Logement trop chaud : peut-on demander une baisse de loyer ?

Logement trop chaud : peut-on demander une baisse de loyer ?

Avec la multiplication des épisodes de fortes chaleurs, certains locataires se demandent s’ils peuvent exiger une réduction de loyer lorsque leur appartement devient invivable. En Suisse, la réponse dépend toutefois des circonstances et n’a rien d’automatique.

Les températures grimpent à l’extérieur, mais souvent aussi à l’intérieur des logements. Sous l’effet des canicules, certains appartements se transforment en véritables fournaises, poussant des locataires à s’interroger : un logement trop chaud peut-il être considéré comme un défaut justifiant une baisse de loyer ?

Le conseiller national socialiste genevois Christian Dandrès a récemment rappelé que des recours étaient possibles pour les locataires confrontés à des températures excessives. Selon lui, lorsque la chaleur dépasse certains seuils, les propriétaires peuvent être appelés à prendre des mes, comme l’installation de stores ou de systèmes de ventilation, et une réduction de loyer peut être envisagée.

Cependant, en droit suisse, la situation est plus complexe. « On ne peut pas donner une réponse aussi claire », explique John-David Burdet, avocat spécialisé en droit de la construction et de l’immobilier, dans l’émission Forum de la RTS.

Pas de température maximale fixée par la loi

Il n’existe pas, en Suisse, de température intérieure au-delà de laquelle un logement serait automatiquement considéré comme impropre à l’habitation. L’avocat rappelle toutefois l’existence d’un arrêt du Tribunal fédéral datant de 2017, qui a examiné le cas d’un immeuble récent avec de grandes baies vitrées, où les habitants souffraient de températures trop élevées. Le Tribunal fédéral avait alors évoqué des valeurs de référence : environ 20 à 21 degrés pour un bâtiment ordinaire et 19 à 20 degrés pour certaines constructions récentes. Une hausse allant jusqu’à cinq degrés supplémentaires pouvait encore être considérée comme acceptable. Au-delà, un défaut pouvait être retenu.

Cependant, cet arrêt ne peut pas être appliqué mécaniquement à toutes les situations. « La notion de défaut dépend de chaque cas », précise John-David Burdet.

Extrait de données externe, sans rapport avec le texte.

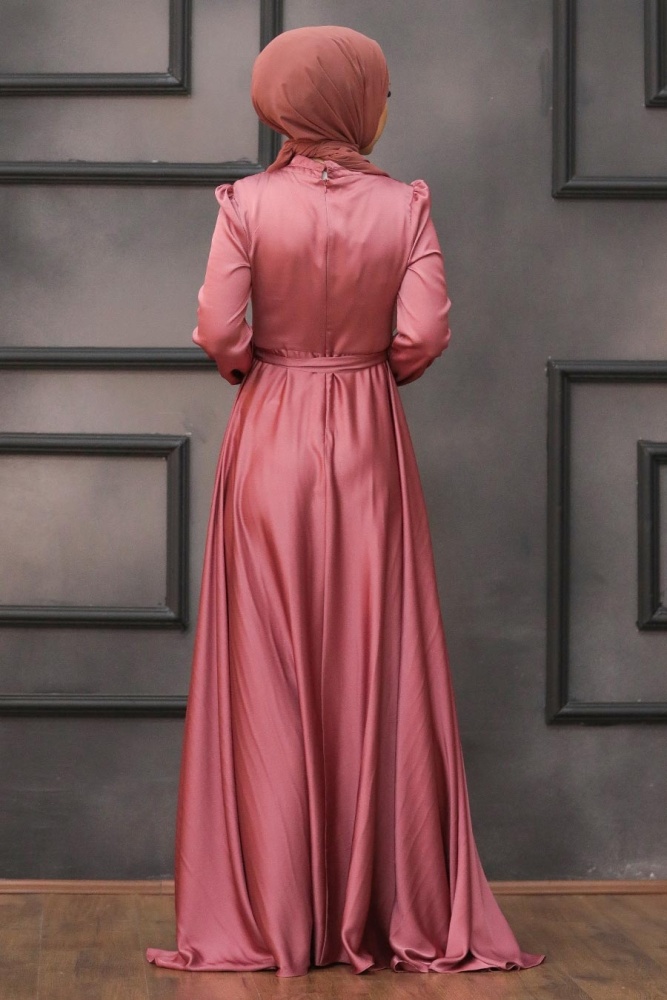Tesettürlü Abiye Elbise - Robe de soirée islamique rose séchée 25130GK - 4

Le critère du vice de construction

Un locataire installé dans un appartement ancien qui devient étouffant durant l’été aura davantage de difficultés à obtenir gain de cause. « Il faut qu’il y ait un lien entre la température et un vice de construction », explique l’avocat. Dans un immeuble du XIXᵉ siècle, il sera probablement difficile de démontrer qu’un défaut existait à l’origine.

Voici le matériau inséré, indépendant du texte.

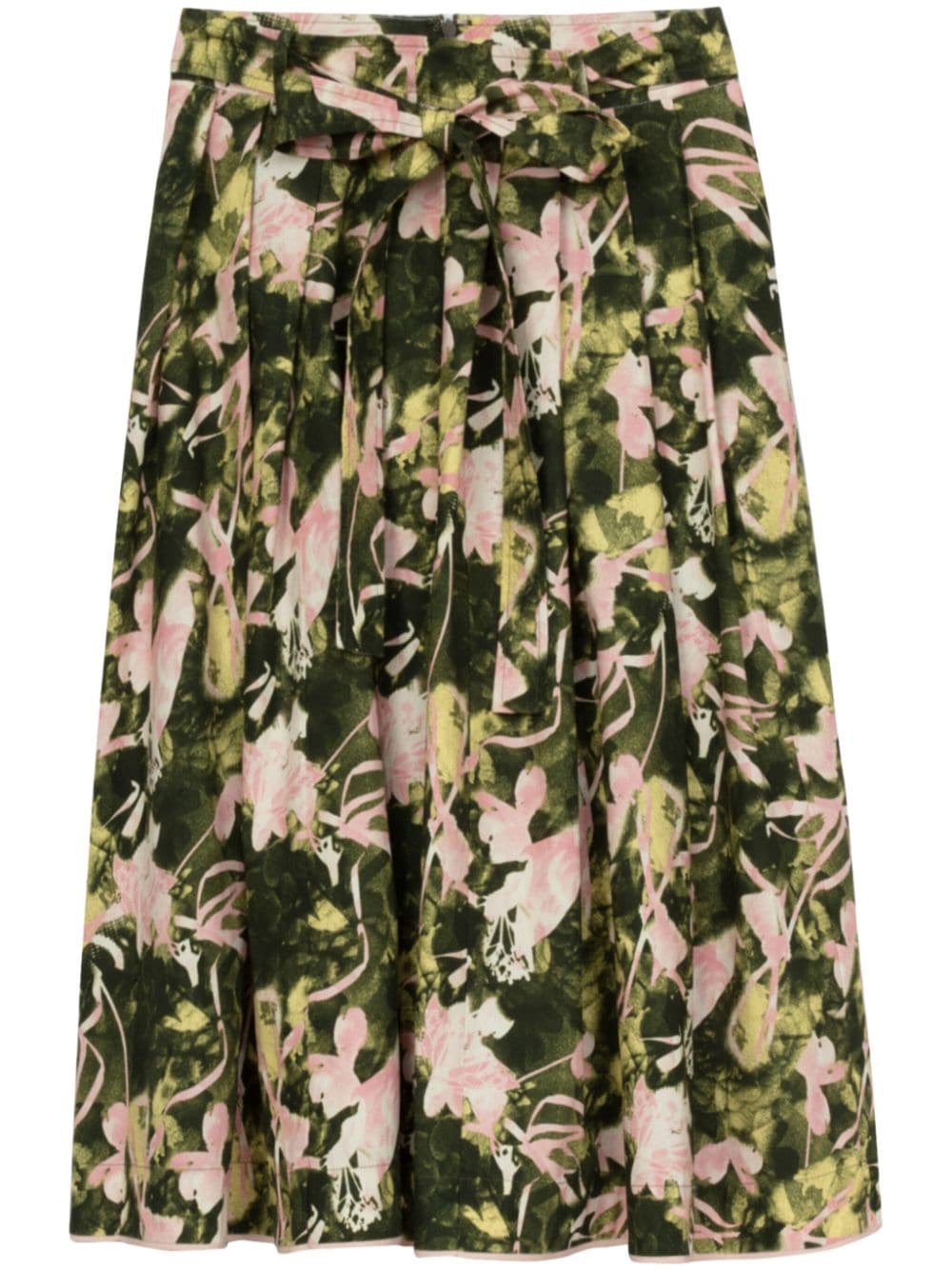 3.1 Phillip Lim / フィリップ リム Floating Iris Belted Cotton Skirt In Green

L’analyse dépend aussi du moment où le bail a été conclu. Un locataire arrivé récemment dans un logement pourrait se voir opposer qu’il devait s’attendre à des températures plus élevées avec l’évolution du climat. À l’inverse, une personne installée depuis plusieurs décennies pourrait faire valoir que cette problématique n’existait pas de la même manière au moment de son entrée dans les lieux.

Une procédure qui nécessite des preuves

Une baisse de loyer reste donc possible, mais elle ne se fera qu’au cas par cas. Le locataire doit démontrer plusieurs éléments : l’existence d’un défaut, des températures élevées durant une certaine période, et un lien avec le logement lui-même. Le propriétaire peut, de son côté, faire valoir que des mes simples auraient dû être prises par l’occupant, comme fermer les stores pendant la journée ou aérer le soir. « Ce n’est pas une procédure facile », conclut John-David Burdet.